I spent 1964-5 studying in Yugoslavia. The Titoist state was present in the background, but life was relatively free. I lived with a very political family, and was conscious of the contrast between the beautiful socialist aesthetic, the partisan war victory and the myth of “workers’ control”, on the one hand, and the state’s autocratic, though subtle, repression on the other. This experience strengthened my libertarian communist leanings. I had to leave rather under a cloud, because I had expressed my anti-authoritarian analysis of Titoism and was warned that this would be reported to the secret police.

I came to England in 1965, and made contact with Tony Cliff and the International Socialists (later the British SWP), the anarcho-syndicalists in London, and the anarchist Freedom Press. My wife had been in the Socialist Review Group, the predecessor of IS/SWP, in the 1950s. My wife and I became active in the group around Chris Pallis (aka Maurice Brinton), which published Solidarity.

We returned to the USA, where we lived from 1965-1969, first in Albany, New York, and then in the Dartmouth, New Hampshire, area. We became very involved with SDS and the anti-Vietnam War campaign, as well as the movement for black civil rights. In the area around Dartmouth, the SDS began to emerge as a nascent mass movement, organising demonstrations, meetings, marches, and educational events.

We helped to run a local radical printing press, the Wooden Shoe Press. We also assisted the draft resistance movement, aiding young people fleeing to Canada to avoid the draft. I remained in touch with the third camp scene – the Independent Socialist Clubs, the New Politics journal, and other ex-ISLers, and I tried to spread third camp ideas among the local comrades.

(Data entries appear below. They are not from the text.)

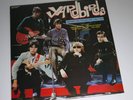 The YARDBIRDS 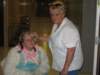 img_0006_md_small.jpg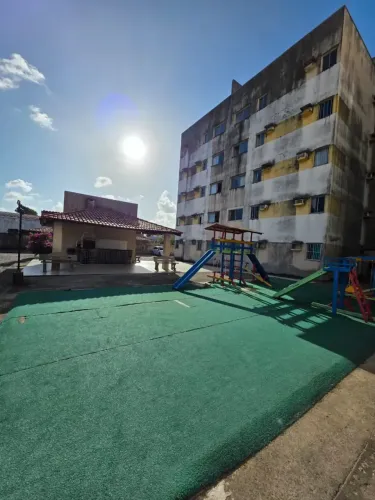 Serraria Próximo ao antigo Ecopark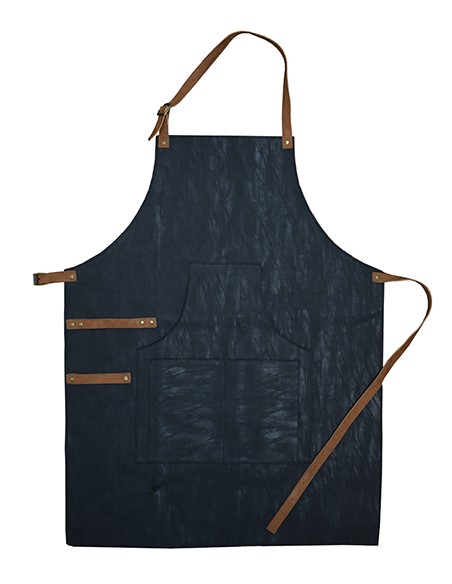 P-5260-Apron PU
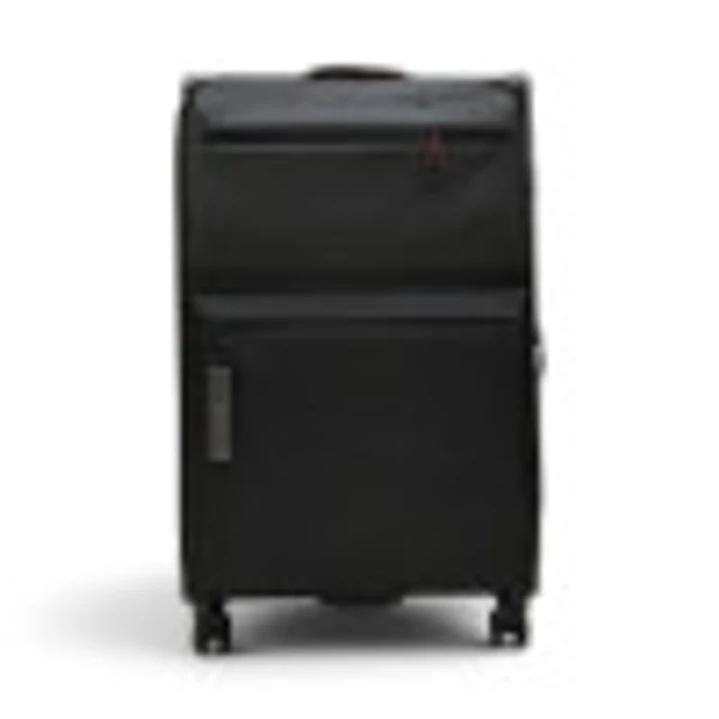 Maleta Swissbrand Vela De 28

During these years, the Maoist Progressive Labor Party appeared on the local scene. It not only opposed the Vietnam War, but also advocated support for the Ho Chi Minh leadership. This led to fundamental disagreements, resulting in the fragmentation and break-up of SDS in 1969-1970.

In 1969, the anti-war movement on the Dartmouth Campus culminated in the occupation of the College Administration building. The police were called, there were mass arrests and 40 students were sent to prison for 30 days. We both lost our jobs, and returned to England, where we lived in Hull until 2008.

I joined the local branch of IS, left briefly, and rejoined in 1971. I took part in the local anti-apartheid campaign and the occupation of the admin building on the University of Hull campus, demanding disinvestment from South Africa and support for the dockers’ strike. I broke with IS in 1973, because of the increasingly authoritarian domination of the group by the centre. In Hull we were then only vaguely aware of the AWL’s predecessor, the Trotskyist Tendency, and the reasons for its expulsion from IS.

During the following two decades, I was very involved in college teaching. I took part in some of the activities of our NAFTHE branch (now part of the University and College Union), and maintained an interest in radical left politics. It was only in 1990 that I first saw the AWL’s Workers’ Liberty magazine. During the past twenty years, I subscribed to this journal and then to the paper, Solidarity, occasionally contributing to the press fund. I realised that the AWL had evolved a political position very similar to that of the ISL, which is basically the position that I have always held. I became more involved and finally decided in 2013 that I should formally join the AWL and give as much active support as I could. Although contemporary British reality is very different from that in the USA in the 1940s and 50s, the AWL’s continuation of the ISL’s political line is very striking.